═════ Exercise material ═════

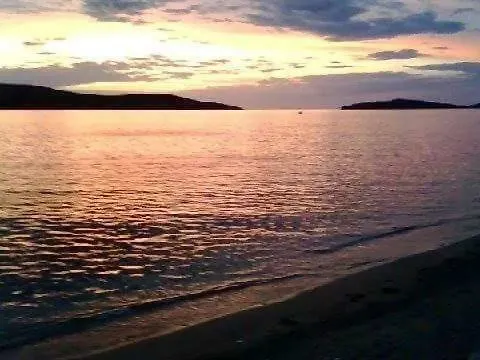 Kod Ilje I Seke Appartement *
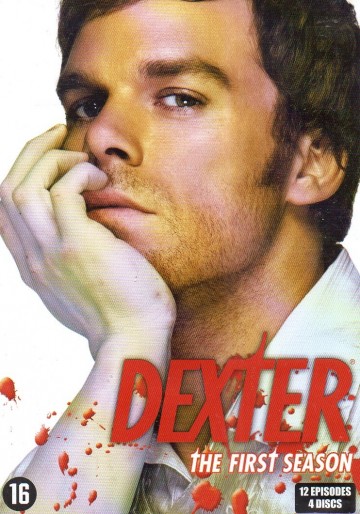 Dexter - Seizoen 1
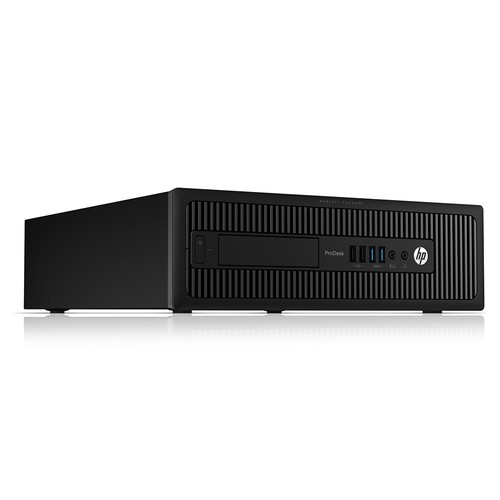 Prodesk 600 sff pc - hp, g1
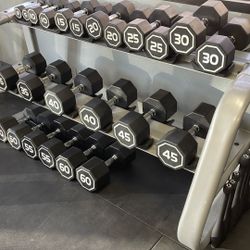 🔴GYM EQUIPMENT🔵SPORTS FITNESS WORKOUT GYM EQUIPMENT 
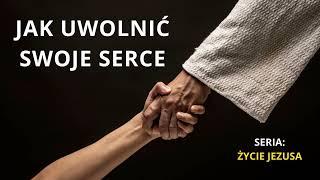 Jak UWOLNIĆ serce? [ s22 e30 ]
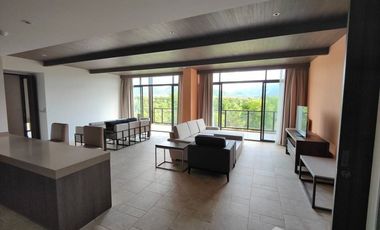 2 Bedroom Penthouse for sale at Villanova Khao Yai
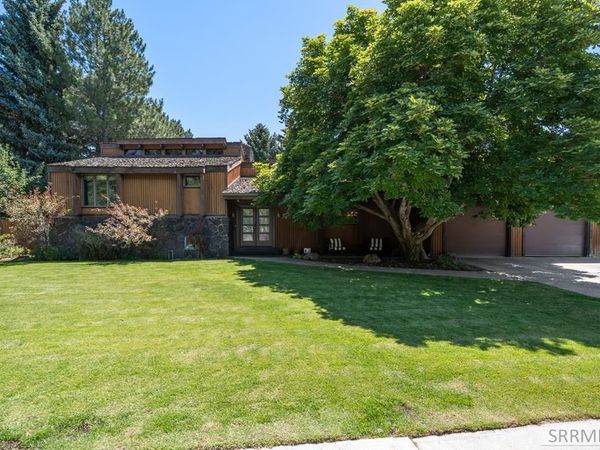2795 Surrey Lane, IDAHO FALLS, ID 83404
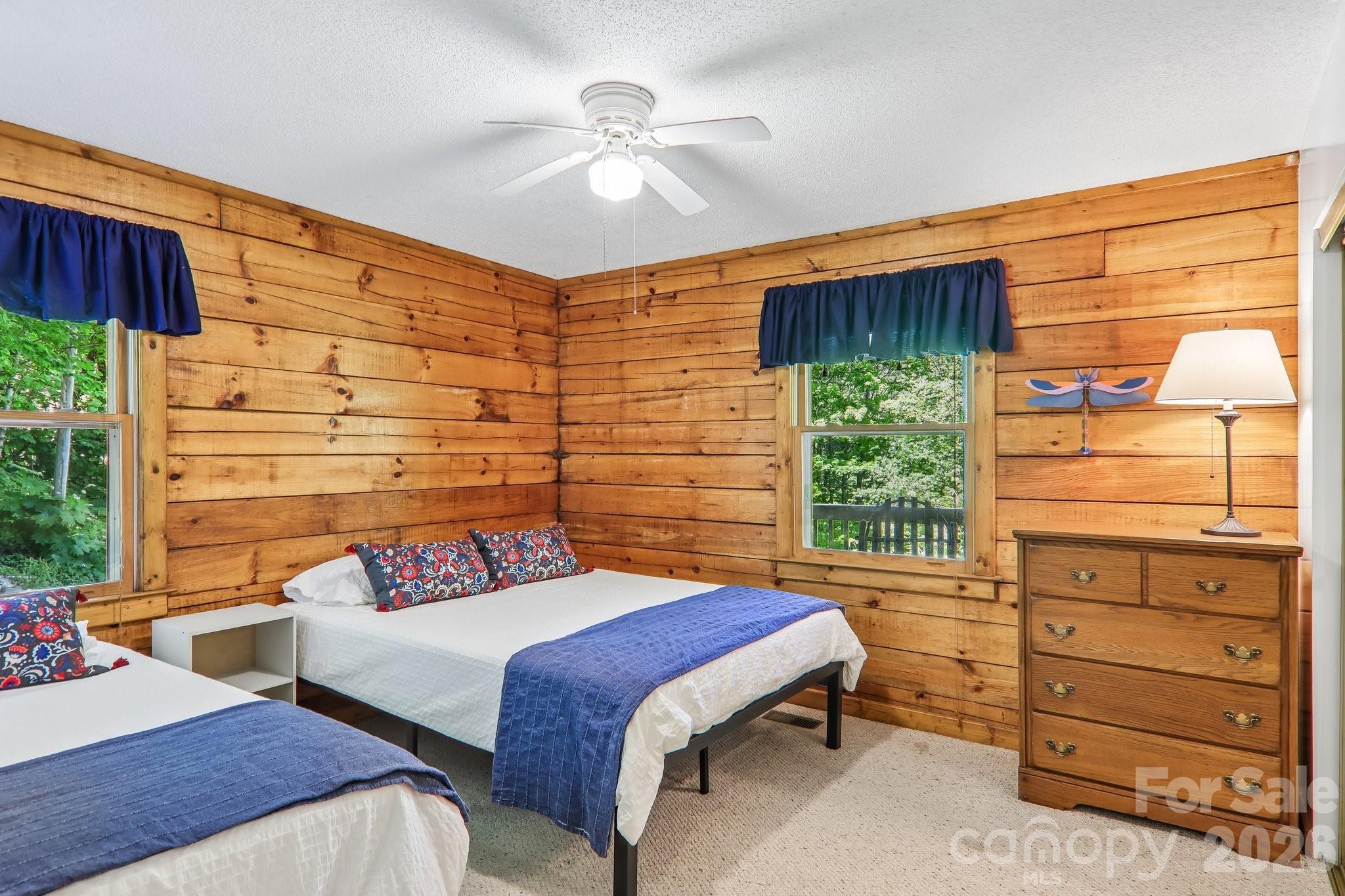 152 Trails End Lane Maggie Valley NC 28751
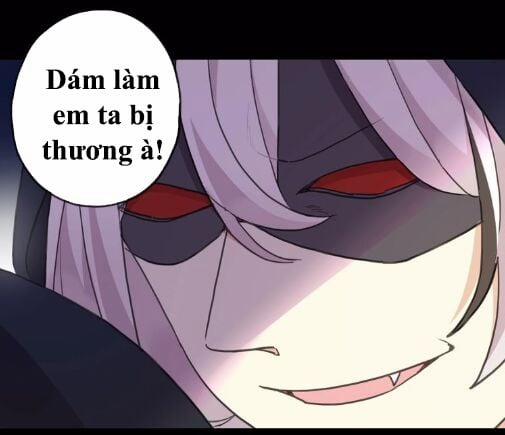 Vết Cắn Ngọt Ngào 3 50 trang 81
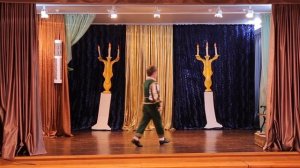 Спектакль Снежная Королева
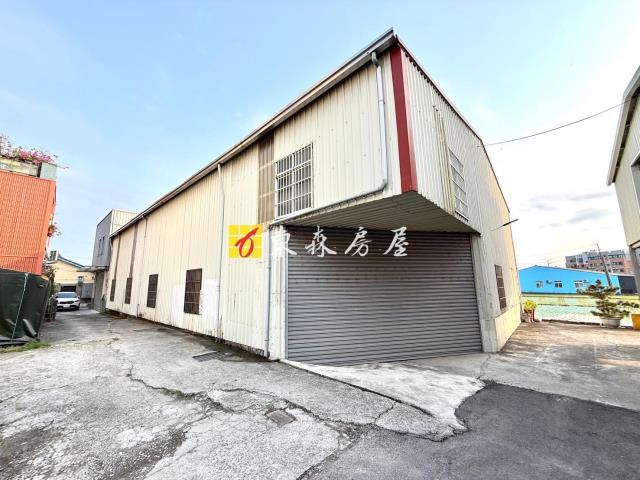 潭子農舍-4
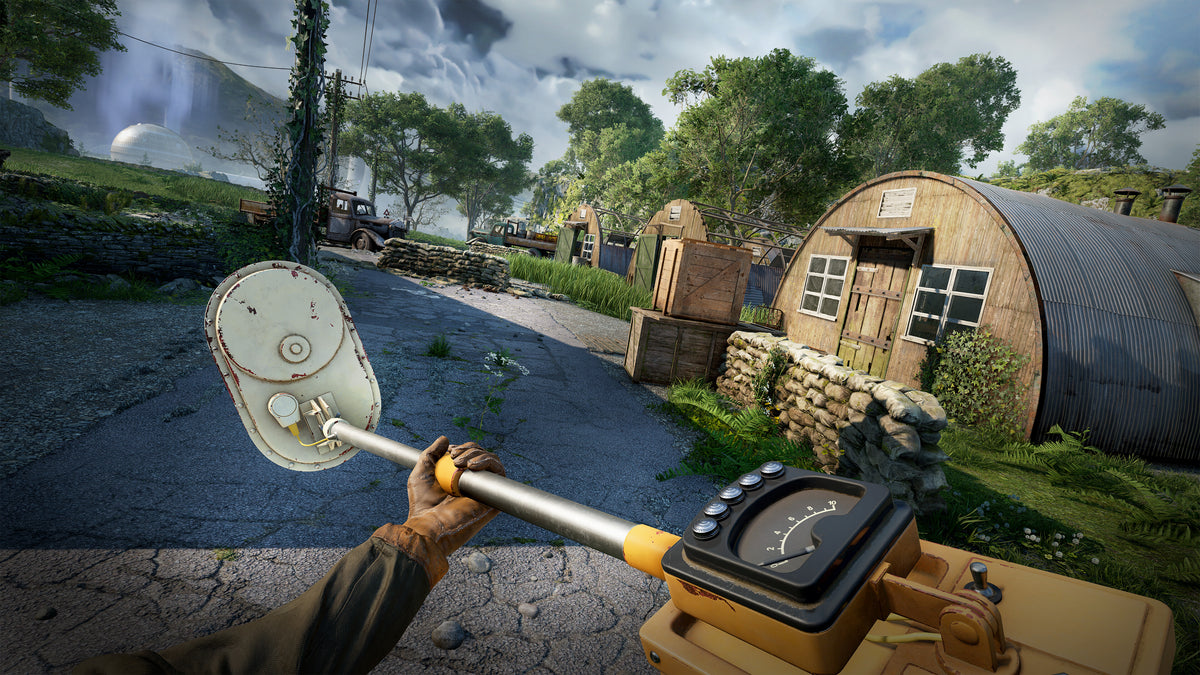 Chiave Steam per Atomfall PC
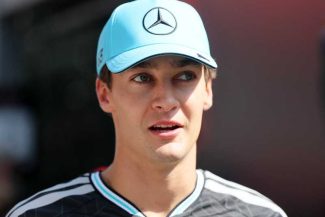 Auto – F1: George Russell are mari așteptări de la cursa de la Sepang, unde nu a condus până acum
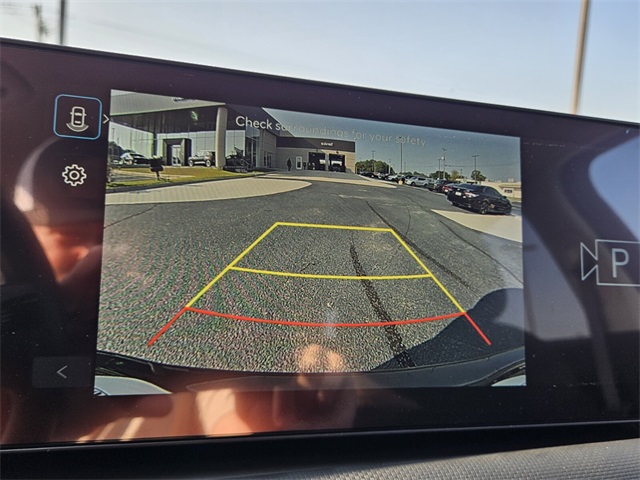 2026 Hyundai Tucson SEL Premium Image 23 of 27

═════

To do — Please output the full listing above exactly, minus any pictures.

Solution to the exercise —
 Kod Ilje I Seke Appartement *
 Dexter - Seizoen 1
 Prodesk 600 sff pc - hp, g1
 🔴GYM EQUIPMENT🔵SPORTS FITNESS WORKOUT GYM EQUIPMENT 
 Jak UWOLNIĆ serce? [ s22 e30 ]
 2 Bedroom Penthouse for sale at Villanova Khao Yai
2795 Surrey Lane, IDAHO FALLS, ID 83404
 152 Trails End Lane Maggie Valley NC 28751
 Vết Cắn Ngọt Ngào 3 50 trang 81
 Спектакль Снежная Королева
 潭子農舍-4
 Chiave Steam per Atomfall PC
 Auto – F1: George Russell are mari așteptări de la cursa de la Sepang, unde nu a condus până acum
 2026 Hyundai Tucson SEL Premium Image 23 of 27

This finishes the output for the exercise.